WHAT THE TASK REQUIRES
Copy out the lines of the listing from the one containing "Building toy custom" onward, through the last, without altering any.

INFORMATION
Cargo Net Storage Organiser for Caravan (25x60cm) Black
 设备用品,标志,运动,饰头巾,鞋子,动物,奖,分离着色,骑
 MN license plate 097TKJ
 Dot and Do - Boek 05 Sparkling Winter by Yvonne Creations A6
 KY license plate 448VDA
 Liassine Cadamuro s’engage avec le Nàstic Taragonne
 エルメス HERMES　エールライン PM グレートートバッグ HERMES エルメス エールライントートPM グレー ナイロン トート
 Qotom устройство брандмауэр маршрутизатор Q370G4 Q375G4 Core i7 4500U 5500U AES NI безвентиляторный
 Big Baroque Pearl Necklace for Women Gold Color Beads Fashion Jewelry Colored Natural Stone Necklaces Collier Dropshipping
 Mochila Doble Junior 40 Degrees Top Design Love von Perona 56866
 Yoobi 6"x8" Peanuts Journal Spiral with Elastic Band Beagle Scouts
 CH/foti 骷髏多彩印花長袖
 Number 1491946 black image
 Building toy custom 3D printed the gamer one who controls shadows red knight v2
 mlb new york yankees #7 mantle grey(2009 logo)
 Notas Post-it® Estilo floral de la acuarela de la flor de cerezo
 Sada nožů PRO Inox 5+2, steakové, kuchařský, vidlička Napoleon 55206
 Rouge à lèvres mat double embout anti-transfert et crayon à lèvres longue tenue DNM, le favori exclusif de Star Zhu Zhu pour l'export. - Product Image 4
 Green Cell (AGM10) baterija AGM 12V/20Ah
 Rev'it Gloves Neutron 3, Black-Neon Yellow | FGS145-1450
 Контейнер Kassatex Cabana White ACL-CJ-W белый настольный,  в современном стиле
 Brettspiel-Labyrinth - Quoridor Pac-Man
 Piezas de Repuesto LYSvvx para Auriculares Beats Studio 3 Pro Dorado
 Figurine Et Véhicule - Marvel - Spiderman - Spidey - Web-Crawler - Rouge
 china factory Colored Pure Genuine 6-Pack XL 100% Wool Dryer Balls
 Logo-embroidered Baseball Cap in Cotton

YOUR SOLUTION
 Building toy custom 3D printed the gamer one who controls shadows red knight v2
 mlb new york yankees #7 mantle grey(2009 logo)
 Notas Post-it® Estilo floral de la acuarela de la flor de cerezo
 Sada nožů PRO Inox 5+2, steakové, kuchařský, vidlička Napoleon 55206
 Rouge à lèvres mat double embout anti-transfert et crayon à lèvres longue tenue DNM, le favori exclusif de Star Zhu Zhu pour l'export. - Product Image 4
 Green Cell (AGM10) baterija AGM 12V/20Ah
 Rev'it Gloves Neutron 3, Black-Neon Yellow | FGS145-1450
 Контейнер Kassatex Cabana White ACL-CJ-W белый настольный,  в современном стиле
 Brettspiel-Labyrinth - Quoridor Pac-Man
 Piezas de Repuesto LYSvvx para Auriculares Beats Studio 3 Pro Dorado
 Figurine Et Véhicule - Marvel - Spiderman - Spidey - Web-Crawler - Rouge
 china factory Colored Pure Genuine 6-Pack XL 100% Wool Dryer Balls
 Logo-embroidered Baseball Cap in Cotton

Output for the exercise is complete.